Das zu demonstrieren, war auch die Absicht des Treffens von Putin und Orbán am Donnerstag in Budapest. Es war das vierte Treffen der beiden seit Anfang 2014 und immerhin das dritte seit der Annexion der Krim und dem von Russland provozierten und am Laufen gehaltenen Krieg in der Ostukraine. Vordergründig ging es um die Einzelheiten einer Reihe von gemeinsamen Wirtschaftsprojekten, über die seit Jahren verhandelt wird. Putin hätte dafür nicht nach Budapest kommen müssen. Doch diese Projekte, darunter der Ausbau des ungarischen Atomkraftwerkes Paks, waren die Kulisse für versteckte Drohungen und provokante Sprüche. Orbán konnte zeigen, dass er die Unterstützung von einem der mächtigsten Männer der Welt genießt, Putin wiederum, dass er das Potenzial besitzt, die EU und die internationale Gemeinschaft zu spalten.
Den denkwürdigsten Satz des Treffens ließ Orbán fallen: Im westlichen Teil des europäischen Kontinents, so der ungarische Regierungschef, habe sich eine starke antirussische Stimmung herausgebildet, antirussische Politik sei zur Mode geworden. Eine höchst bemerkenswerte Feststellung - immerhin gehörte Orbán während der ersten zwei Jahrzehnte seiner politischen Karriere zu den schärfsten Kritikern des sowjetischen Totalitarismus und der antidemokratischen Entwicklung im postsowjetischen Russland. Mehr noch: Wenn er über die Sowjetunion und Russland sprach, lag oft ein herablassender Unterton in seinen Worten, mitunter klangen die antirussisch-antislawischen Ressentiments an, die in Deutschland und Mittelosteuropa historisch so verbreitet waren und zum Teil noch sind.

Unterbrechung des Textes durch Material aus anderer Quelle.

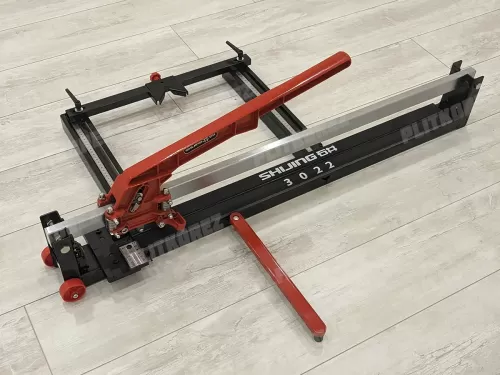 Плиткорез Shijing 3022 800 мм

Man schätzt sich, man lobt sich
Putin, der mit einem riesigen Gefolge angereist war, lobte seinerseits Ungarn als höchst verlässlichen Partner und zeigte sich außerordentlich erfreut über Orbáns neuerdings so demonstrativ russophile Gesten - unter anderem war wenige Tage vor Putins Besuch im nordungarischen Esztergom ein neues, imposantes Denkmal für gefallene russische und sowjetische Soldaten eingeweiht worden. Nebenbei gab der russische Präsident der Ukraine die Schuld am neuen Aufflammen des Krieges in der Ostukraine, Orbán wiederum trat mit einer fast hinterhältigen Bemerkung nach: Die Ukraine halte das Minsk-Abkommen nicht ein, die Rechte der Minderheiten, darunter der ungarischen in der Westukraine, würden nicht so respektiert wie vorgesehen.
Ein Meilenstein war das Treffen nicht und dementsprechend fand es längst nicht so große mediale Aufmerksamkeit wie etwa der Besuch Putins in Budapest vor fast genau zwei Jahren. Doch genau darin liegt die eigentliche Nachricht und das Fazit des Orbán-Putin-Treffens: Entspannt konnten die beiden Staatsmänner vorführen, was sich als Motto internationaler Politik wieder mehr und mehr durchsetzt: Wertepolitik ist obsolet, die Realpolitik kehrt zurück.